The students received national anger after a few video clips showed them raising several anti-India slogans.
While the Home Minister Rajnath Singh promised ‘strict action’ against the ‘anti-national’ students, Delhi police raided hostels inside the campus and private residences outside, to nab those who had organised and participated in the event.
Though a forensic lab report showed that a few of these clips were tampered with, JNUSU ex-President Kanahiya Kumar, Umar Khalid, and Anirban Bhattacharya suddenly became the national villains. While Kanhaiya was arrested 3 days later, Umar and Anirban went in hiding and dramatically returned back to the campus only to be sent to jail.
Kumar, who was not only picked up by the cops but was also beaten by lawyers, took directly on the Prime Minister, his party, and his policies right after his release from Tihar. Anirban and Khalid too addressed crowds in JNU against the current government.
Many predicted that these students, especially Kanhaiya Kumar, had a promising political career ahead of them.
However, a year since then, things have changed a lot and everyone, the police department, seems to have forgotten these ‘anti-national’ students.
Both Umar and Kanhaiya, in their interview to InUth, claimed that no official chargesheet has been filed against them.
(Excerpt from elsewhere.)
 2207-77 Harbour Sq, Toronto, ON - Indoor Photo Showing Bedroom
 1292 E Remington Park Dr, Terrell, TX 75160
According to Kanhaiya Kumar, the case is nothing but a failed attempt by the current government to show JNU in a bad light.
“Even after a year, there is no chargesheet filed against us, which proves that the allegations were completely false and baseless. Did something really happen or was it just another failed attempt by our government to wrongly highlighted?” questioned Kanhaiya, who is now four months away from completing his PhD.
However, the incident did take a toll on their personal lives and studies. “I couldn’t go to my field trip as I haven’t a got a passport due to the FIR. I can’t go freely to Munirka anymore. I can’t go to play cricket as I used to. Things have changed and are difficult,” said Kanhaiya.
“While earlier we had a limited audience, now we have a national audience and we are responsible for meeting their expectations. However, now I face a lot of restriction of movement. I can’t board a metro or go just anywhere freely,” said Umar, who will submit his thesis this year.
This incident has also taken a toll on their activism. While Kanhaiya, apart from writing a book, Bihar to Tihar, and a few political stint has almost been forgotten, Anirban has just submitted his PhD and is now quietly working with some orphanage. The otherwise outspoken Umar Khalid has now mellowed down and does not speak in public without consulting his lawyer.
Though it remains to be seen that how their lives unfold in the coming years, what remains unanswered is that does anyone deserve to face such consequences just for dissenting? Was it fair for the media to declare them ‘terrorists’ before anything could be proved? And shouldn’t have the media been also taken to task playing with the futures of young students.